Towards stable training of parallel continual learning
Li Yuepan, Fan Lyu, Yuyang Li, Wei Feng, Guangcan Liu, Fanhua Shang
TL;DR
This work analyzes training instability in Parallel Continual Learning (PCL) and introduces Stable Parallel Continual Learning (SPCL), a dual-strategy framework combining forward-path DBT-based orthogonal regularization for CNN kernels and backward-path gradient decomposition to reduce inter-task gradient conflicts. The authors formalize PCL, identify the condition number of the gradient system as a key stability metric, and propose a practical optimization workflow that maintains orthogonality without sacrificing representational capacity. Empirical results on PS-EMNIST, PS-CIFAR-100, and PS-ImageNet-TINY show that SPCL improves stability and accuracy over state-of-the-art baselines, with ablations highlighting the complementary benefits of gradient and filter orthogonality. The approach advances robust multi-task learning in dynamic, multi-source data environments such as autonomous systems by mitigating forward activations interference and backward gradient conflicts, while opening avenues for adaptive hyperparameter strategies in future work.
Abstract
Parallel Continual Learning (PCL) tasks investigate the training methods for continual learning with multi-source input, where data from different tasks are learned as they arrive. PCL offers high training efficiency and is well-suited for complex multi-source data systems, such as autonomous vehicles equipped with multiple sensors. However, at any time, multiple tasks need to be trained simultaneously, leading to severe training instability in PCL. This instability manifests during both forward and backward propagation, where features are entangled and gradients are conflict. This paper introduces Stable Parallel Continual Learning (SPCL), a novel approach that enhances the training stability of PCL for both forward and backward propagation.

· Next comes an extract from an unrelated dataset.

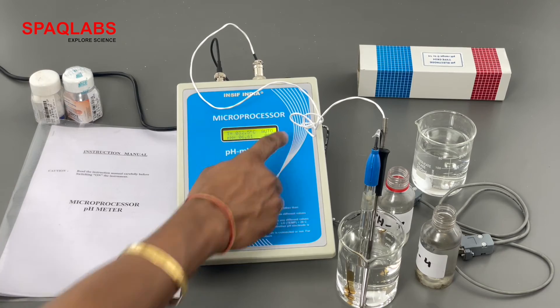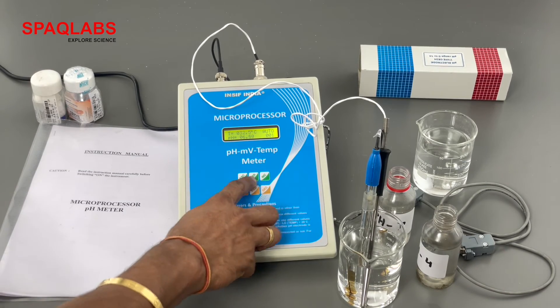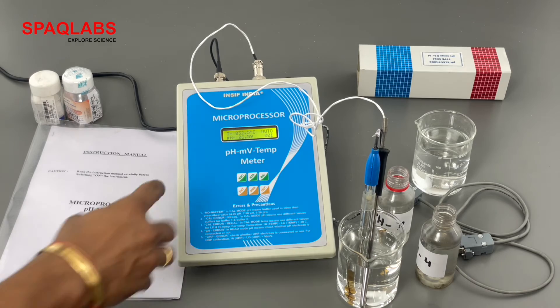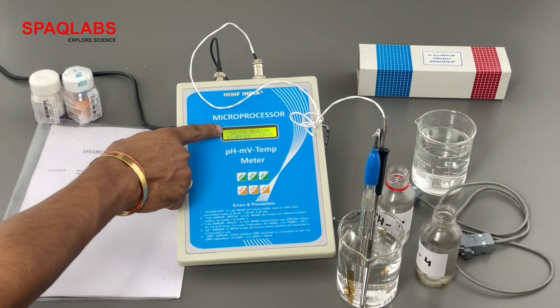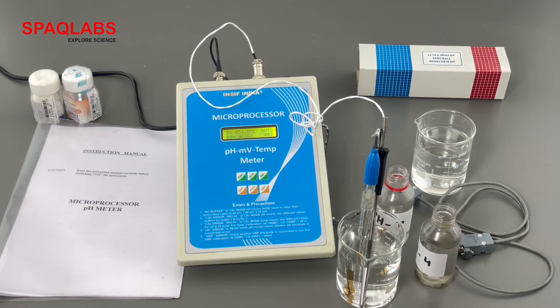The memory location is shown on screen, where you can save the data by clicking the store button. Wait for the reading to stabilize — about 1 minute. Once it is stabilized, press the store button. It then says 'saving reading' along with the time and date, and the reading is saved.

For the forward propagation, we apply Doubly-block Toeplit (DBT) Matrix based orthogonality constraints to network parameters to ensure stable and consistent propagation. For the backward propagation, we employ orthogonal decomposition for gradient management stabilizes backpropagation and mitigates gradient conflicts across tasks. By optimizing gradients by ensuring orthogonality and minimizing the condition number, SPCL effectively stabilizing the gradient descent in complex optimization tasks. Experimental results demonstrate that SPCL outperforms state-of-the-art methjods and achieve better training stability.